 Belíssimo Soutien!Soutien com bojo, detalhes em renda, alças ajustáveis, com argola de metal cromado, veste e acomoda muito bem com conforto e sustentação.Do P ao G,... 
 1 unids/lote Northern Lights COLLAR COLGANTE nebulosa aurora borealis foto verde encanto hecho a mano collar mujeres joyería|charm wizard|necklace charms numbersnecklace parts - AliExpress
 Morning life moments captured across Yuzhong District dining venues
════════════════════
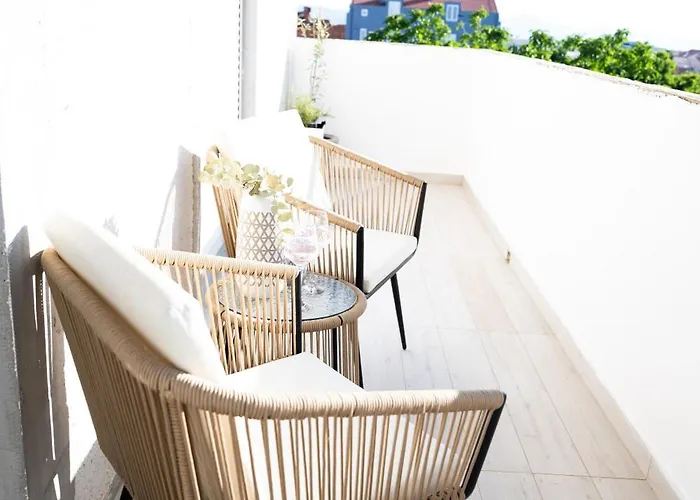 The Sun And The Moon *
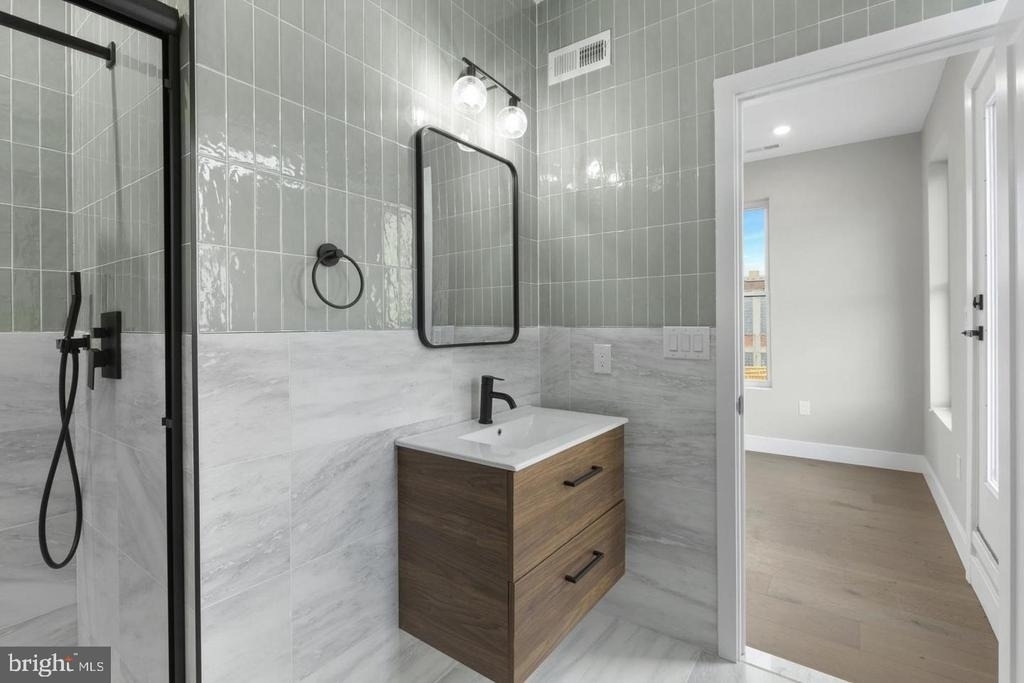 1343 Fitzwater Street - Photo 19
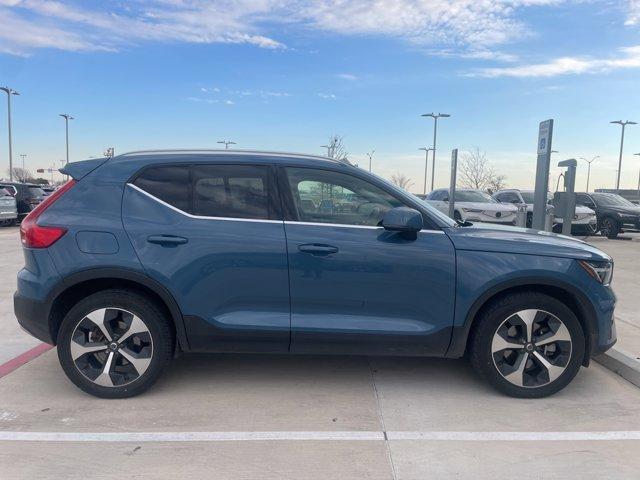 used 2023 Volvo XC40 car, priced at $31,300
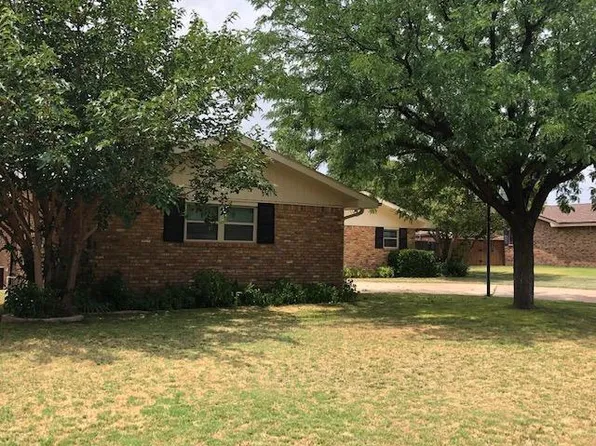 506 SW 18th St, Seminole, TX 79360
════════════════════
* Task to carry out
Reproduce the data above exactly, but only from the line containing "used 2023 Volvo XC40 car, priced at $31,300" through the line containing "506 SW 18th St, Seminole, TX 79360"; skip the pictures.

* Your solution
 used 2023 Volvo XC40 car, priced at $31,300
 506 SW 18th St, Seminole, TX 79360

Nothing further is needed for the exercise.